# Records shown:

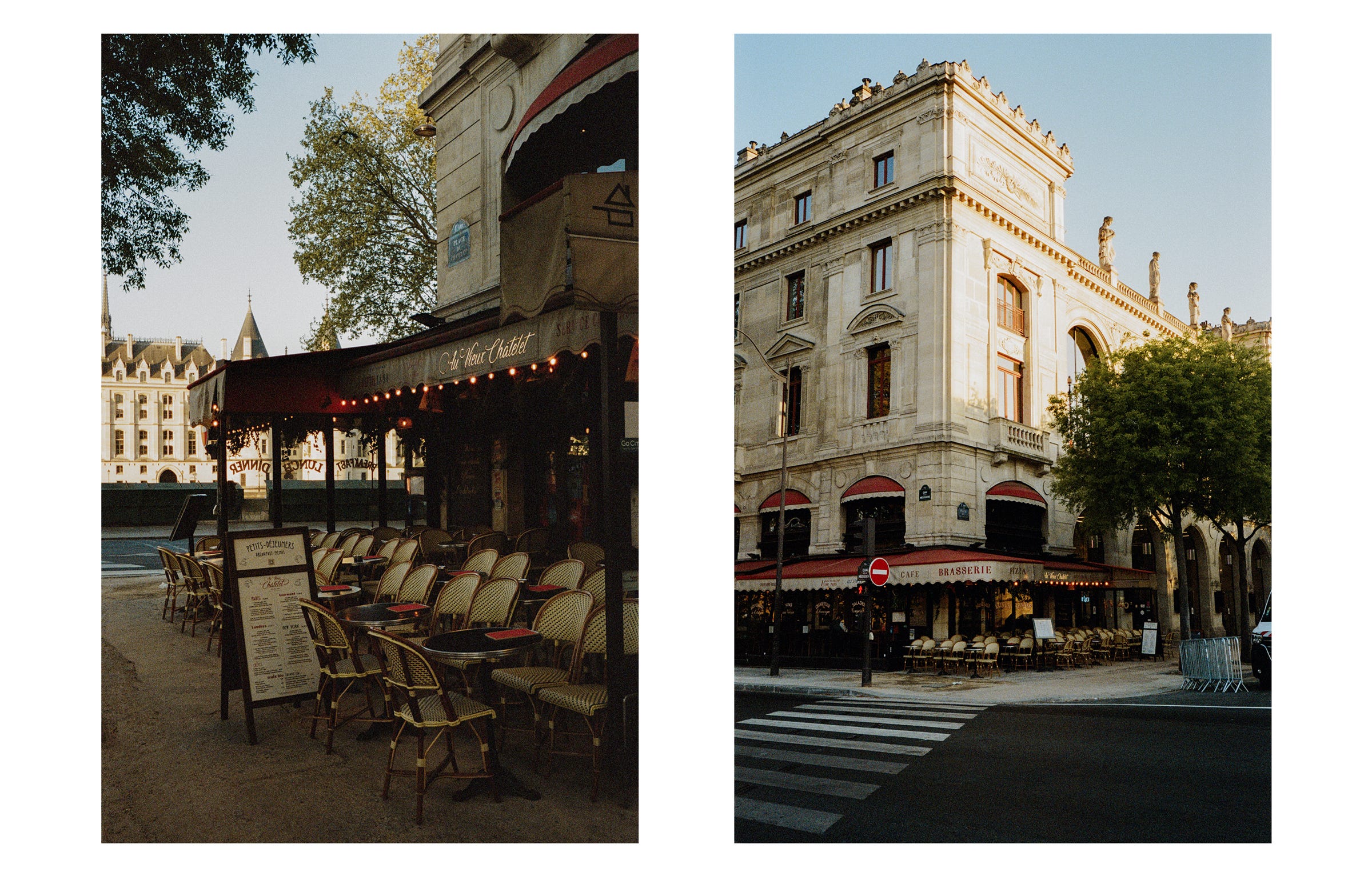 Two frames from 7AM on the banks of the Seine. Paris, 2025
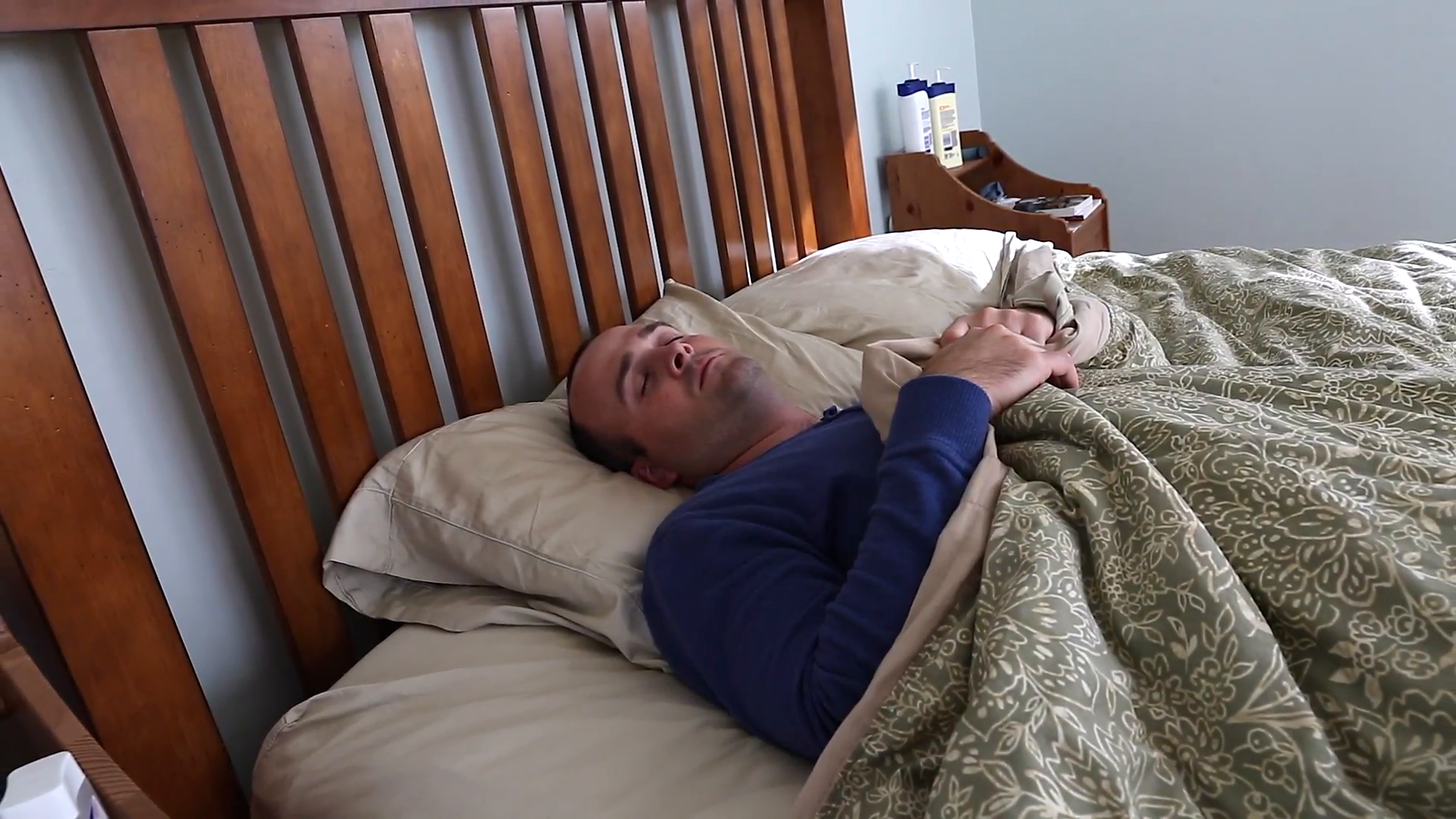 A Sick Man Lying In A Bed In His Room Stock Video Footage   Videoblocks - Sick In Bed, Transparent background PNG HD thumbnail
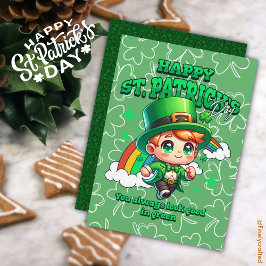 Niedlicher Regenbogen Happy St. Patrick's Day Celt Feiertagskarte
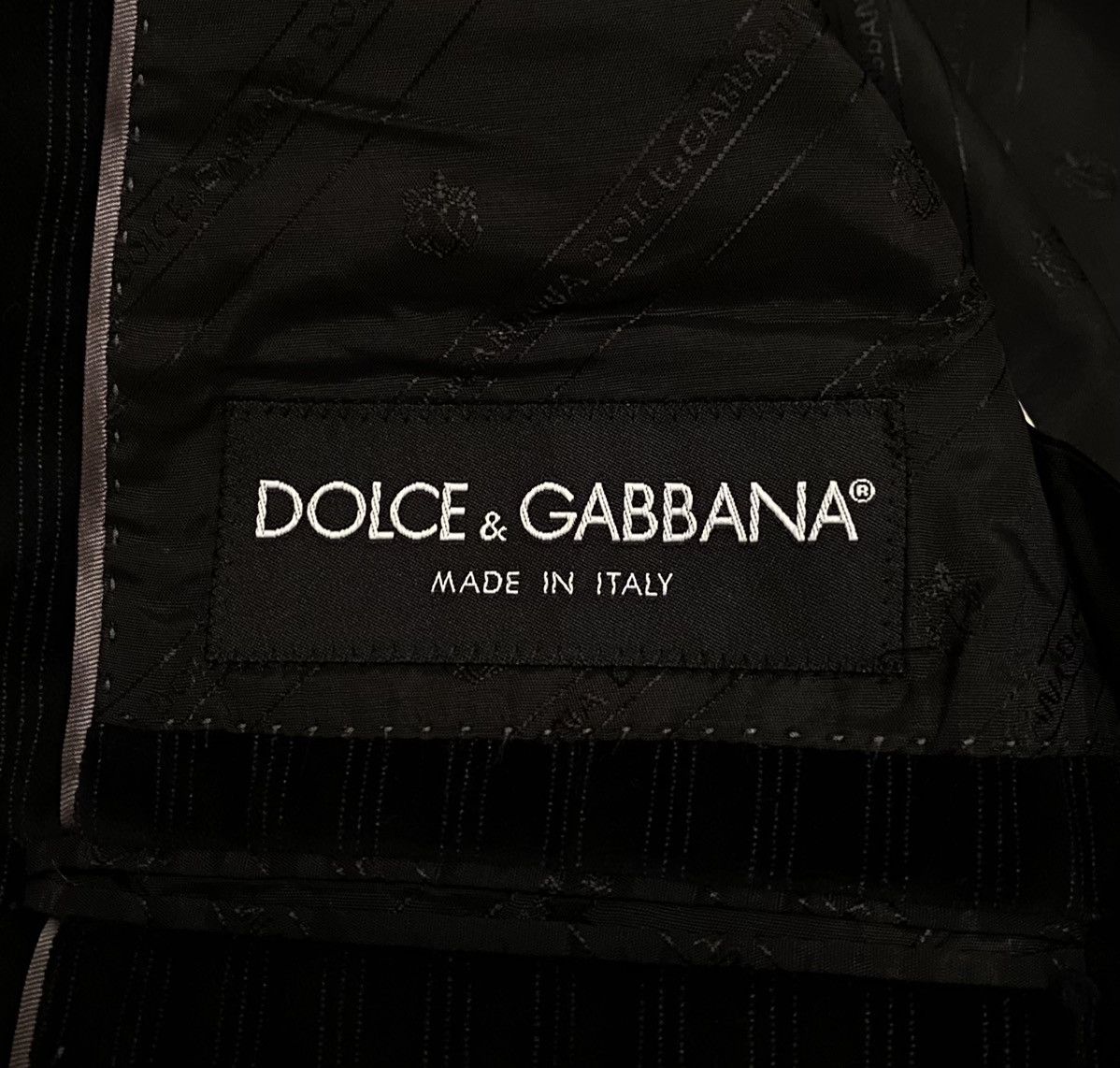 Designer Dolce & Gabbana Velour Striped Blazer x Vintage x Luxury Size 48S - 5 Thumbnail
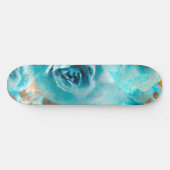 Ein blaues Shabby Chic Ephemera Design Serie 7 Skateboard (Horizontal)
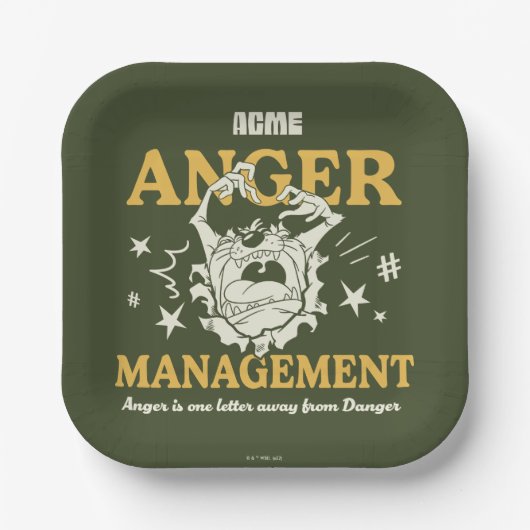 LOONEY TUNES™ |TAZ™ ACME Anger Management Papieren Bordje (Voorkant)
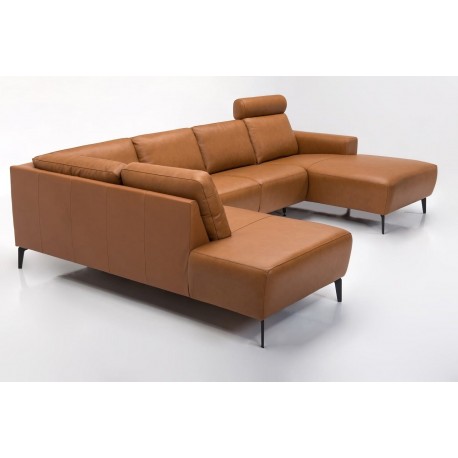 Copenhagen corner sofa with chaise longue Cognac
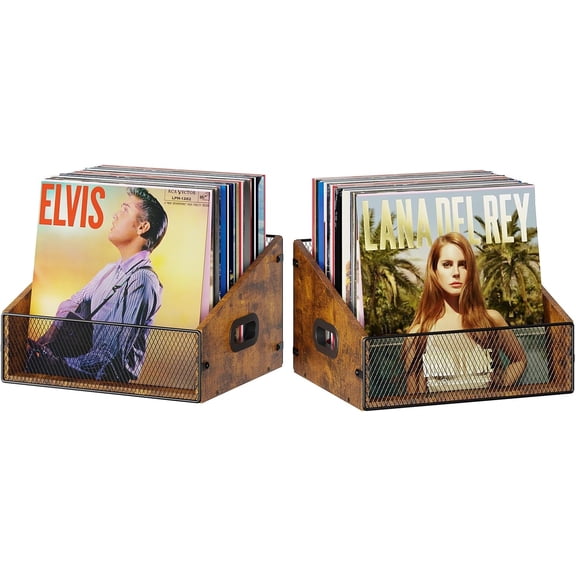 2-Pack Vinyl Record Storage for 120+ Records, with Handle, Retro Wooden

# Task directions:
Pictures are to be left out; everything else in the records gets retyped exactly.

# Answer for the task:
 Two frames from 7AM on the banks of the Seine. Paris, 2025
 A Sick Man Lying In A Bed In His Room Stock Video Footage   Videoblocks - Sick In Bed, Transparent background PNG HD thumbnail
 Niedlicher Regenbogen Happy St. Patrick's Day Celt Feiertagskarte
 Designer Dolce & Gabbana Velour Striped Blazer x Vintage x Luxury Size 48S - 5 Thumbnail
 Ein blaues Shabby Chic Ephemera Design Serie 7 Skateboard (Horizontal)
 LOONEY TUNES™ |TAZ™ ACME Anger Management Papieren Bordje (Voorkant)
 Copenhagen corner sofa with chaise longue Cognac
 2-Pack Vinyl Record Storage for 120+ Records, with Handle, Retro Wooden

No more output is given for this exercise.